[Exercise objective]
Your copy should match the records below word for word and contain no pictures.

(Short descriptive text snippets)
******

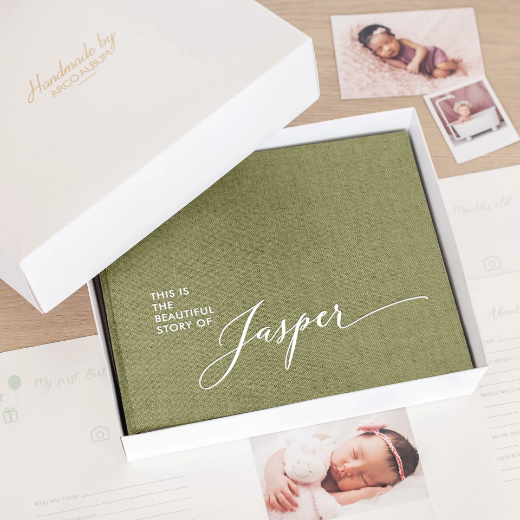 Picture of Linen Baby Photo Book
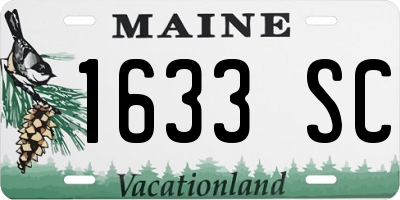 ME license plate 1633SC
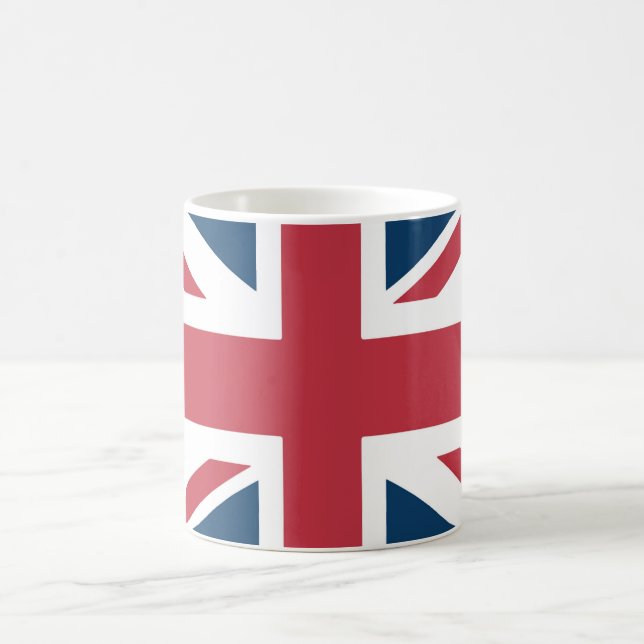 The Union Jack brittiska flaggan Kaffemugg (Center)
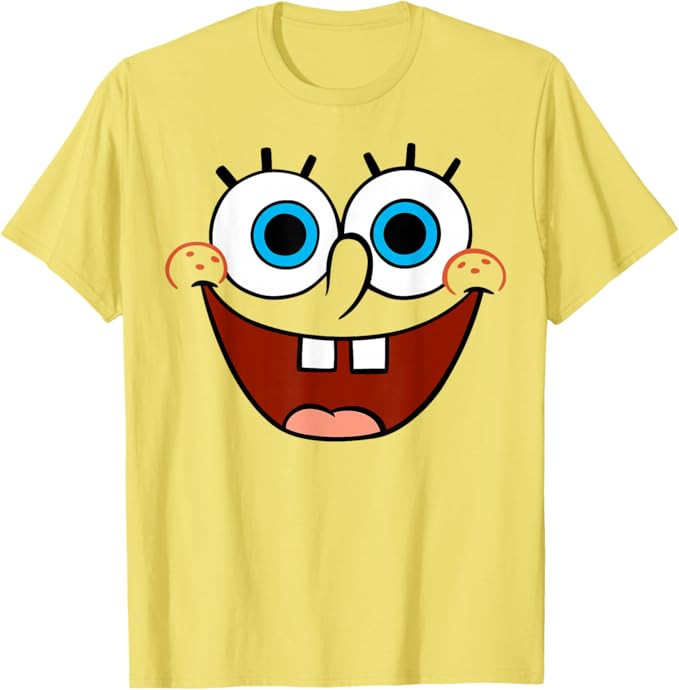 Spongebob Squarepants Large Smiling Face T-Shirt T-Shirt | Amazon (US)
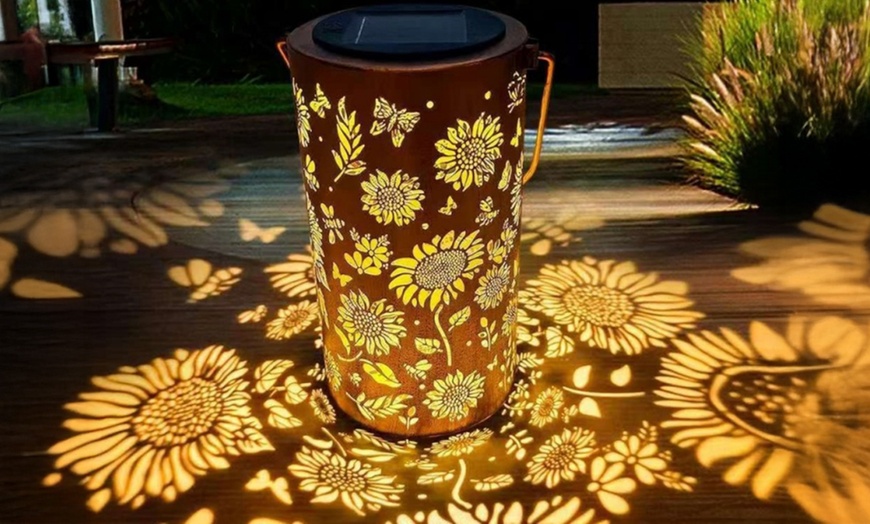 Image 7: Butterfly Solar Garden Lantern Decorative Outdoor Light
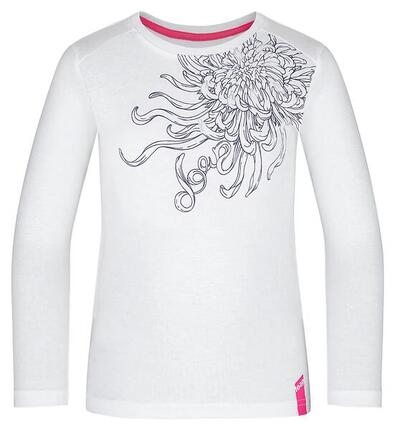 T-shirt enfant manches longues Loap Bizel blanc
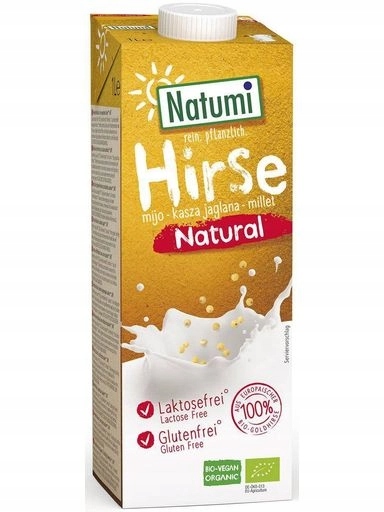 Levně 3x Natumi Jáhlový nápoj bez přidaných cukrů bezlepkový Bio 1 l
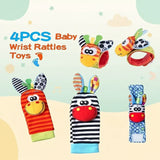 Wrist Rattle and Socks – Motorik & Spiel – Baby-Rasseln (4er-Set)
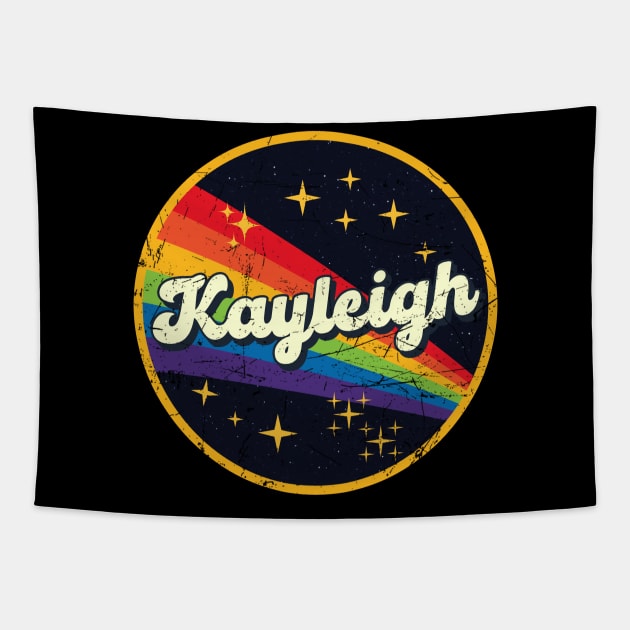 Kayleigh // Rainbow In Space Vintage Grunge-Style Tapestry by LMW Art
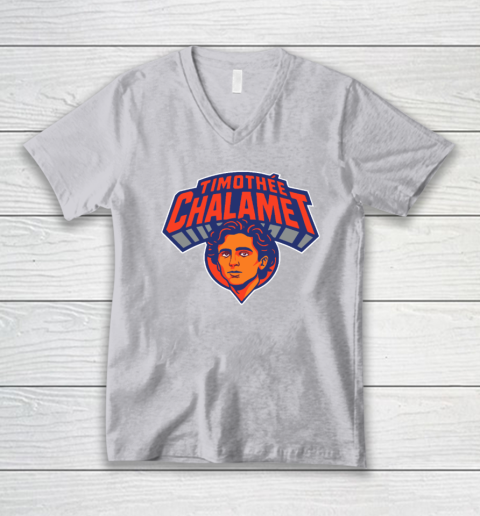 Timothee Chalamet New York Knicks V-Neck T-Shirt 2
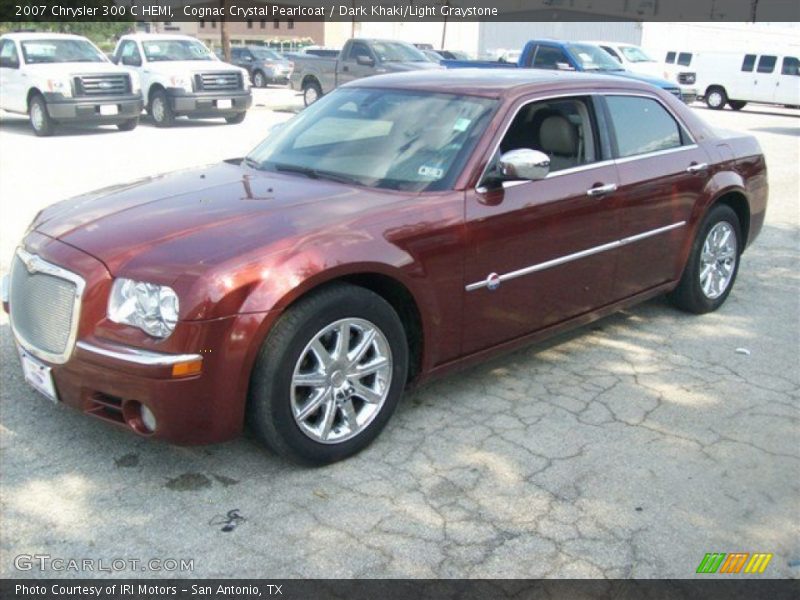 Cognac Crystal Pearlcoat / Dark Khaki/Light Graystone 2007 Chrysler 300 C HEMI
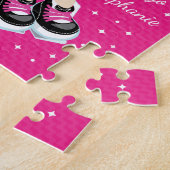 Asian Girl Rollstuhl Personalisiert Puzzle (Seite)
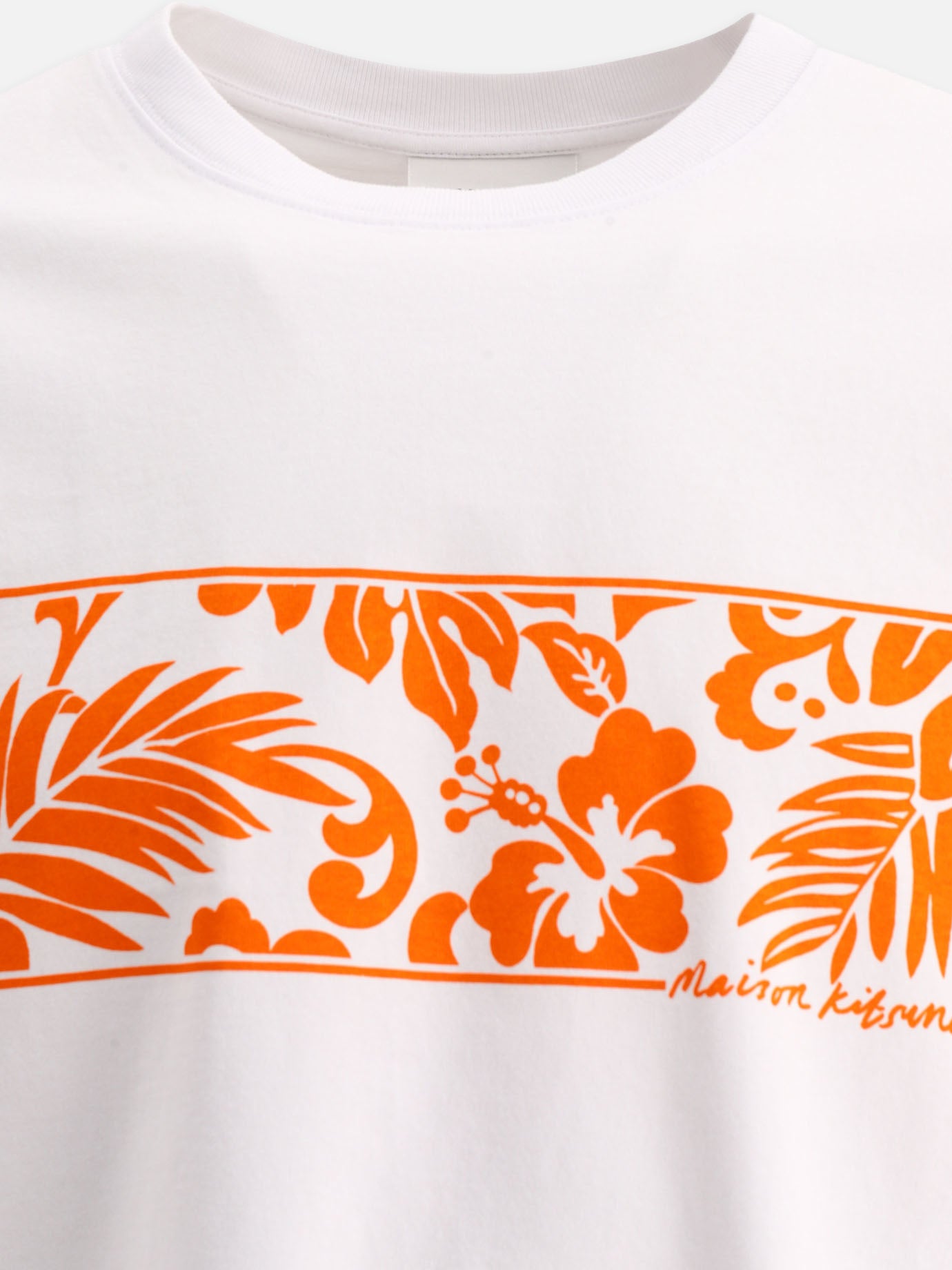 Crewneck t-shirts Floral  White - Maison Kitsuné Men | PDP | VIETTI Online Store | Zoom-Modal_3
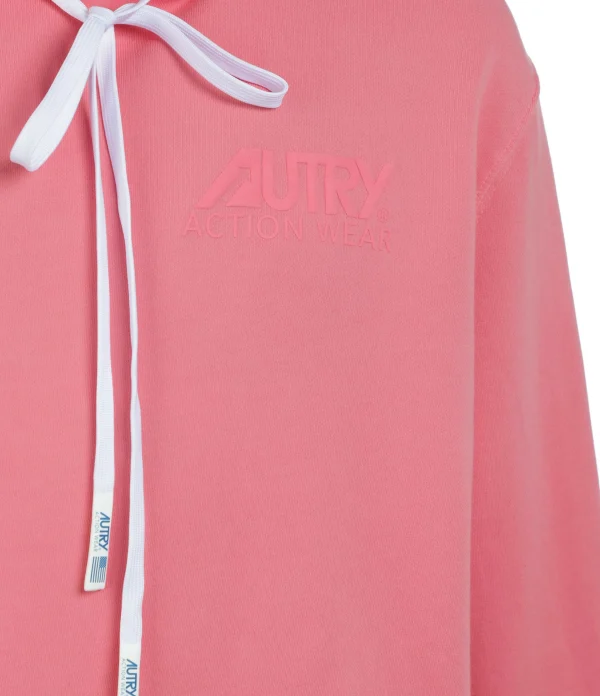 AUTRY Sweatshirt Hoodie Matchpoint Rose 3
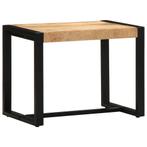 vidaXL Bank 60x35x45 cm massief ruw hout mango, Verzenden, Nieuw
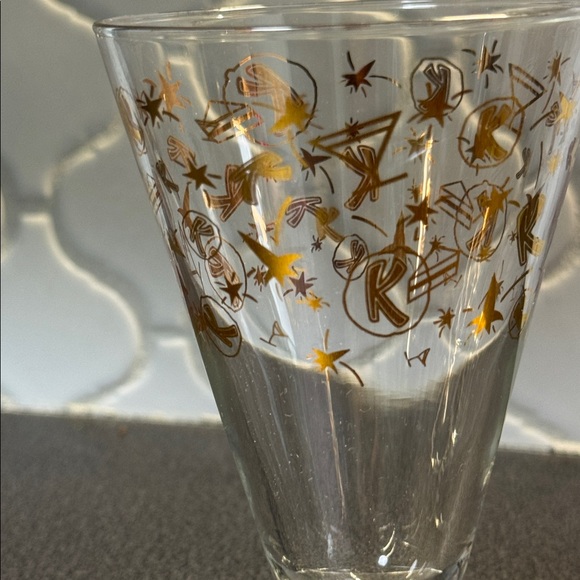 Set of two MCM KAHLUA Gold cocktail glasses - Picture 2 of 3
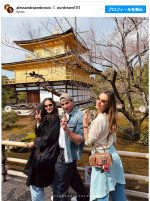 京都・奈良を訪れた様子　※「アレッサンドラ・アンブロジオ」インスタグラム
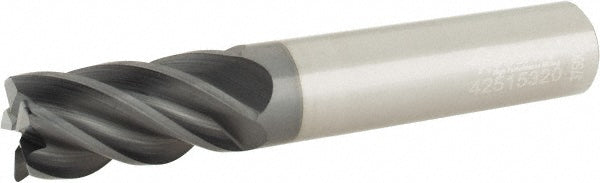 Accupro 311619 Corner Radius End Mill 1/2" Dia, 1" LOC, 38 deg Helix, Corner Radius End, Centercutting Series HS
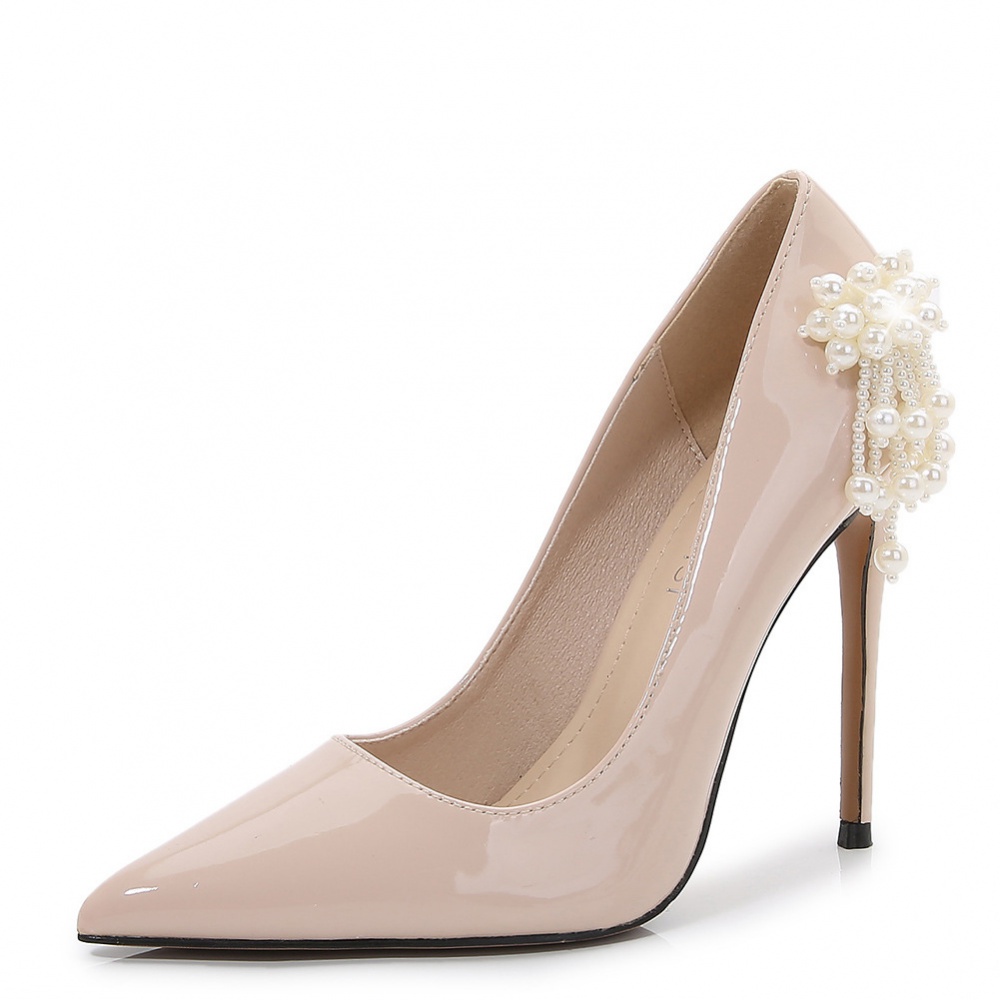 Banquet high-heeled shoes pearl shoes for women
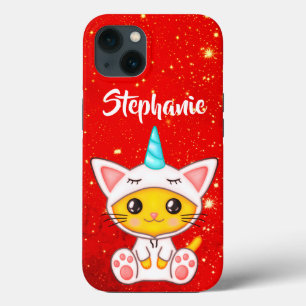 Fantasy Cute Kittycorn iPhone 13 Hoesje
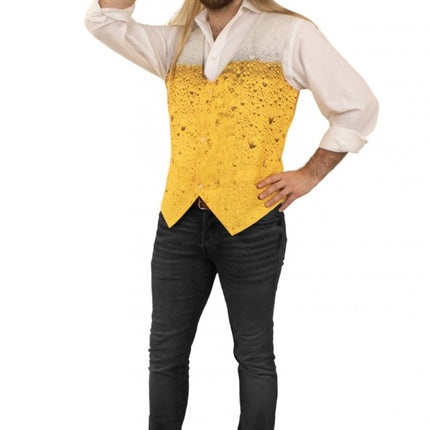Gilet Beer Pattern Uomo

******

[Expected answer]
 Picture of Linen Baby Photo Book
 ME license plate 1633SC
 The Union Jack brittiska flaggan Kaffemugg (Center)
 Spongebob Squarepants Large Smiling Face T-Shirt T-Shirt | Amazon (US)
 Image 7: Butterfly Solar Garden Lantern Decorative Outdoor Light
 T-shirt enfant manches longues Loap Bizel blanc
 Levně 3x Natumi Jáhlový nápoj bez přidaných cukrů bezlepkový Bio 1 l
 Wrist Rattle and Socks – Motorik & Spiel – Baby-Rasseln (4er-Set)
 Kayleigh // Rainbow In Space Vintage Grunge-Style Tapestry by LMW Art
 Timothee Chalamet New York Knicks V-Neck T-Shirt 2
 Cognac Crystal Pearlcoat / Dark Khaki/Light Graystone 2007 Chrysler 300 C HEMI
 Asian Girl Rollstuhl Personalisiert Puzzle (Seite)
 Crewneck t-shirts Floral  White - Maison Kitsuné Men | PDP | VIETTI Online Store | Zoom-Modal_3
 AUTRY Sweatshirt Hoodie Matchpoint Rose 3
 vidaXL Bank 60x35x45 cm massief ruw hout mango, Verzenden, Nieuw
 Set of two MCM KAHLUA Gold cocktail glasses - Picture 2 of 3
 京都・奈良を訪れた様子　※「アレッサンドラ・アンブロジオ」インスタグラム
 Accupro 311619 Corner Radius End Mill 1/2" Dia, 1" LOC, 38 deg Helix, Corner Radius End, Centercutting Series HS
 Banquet high-heeled shoes pearl shoes for women
 Fantasy Cute Kittycorn iPhone 13 Hoesje
Gilet Beer Pattern Uomo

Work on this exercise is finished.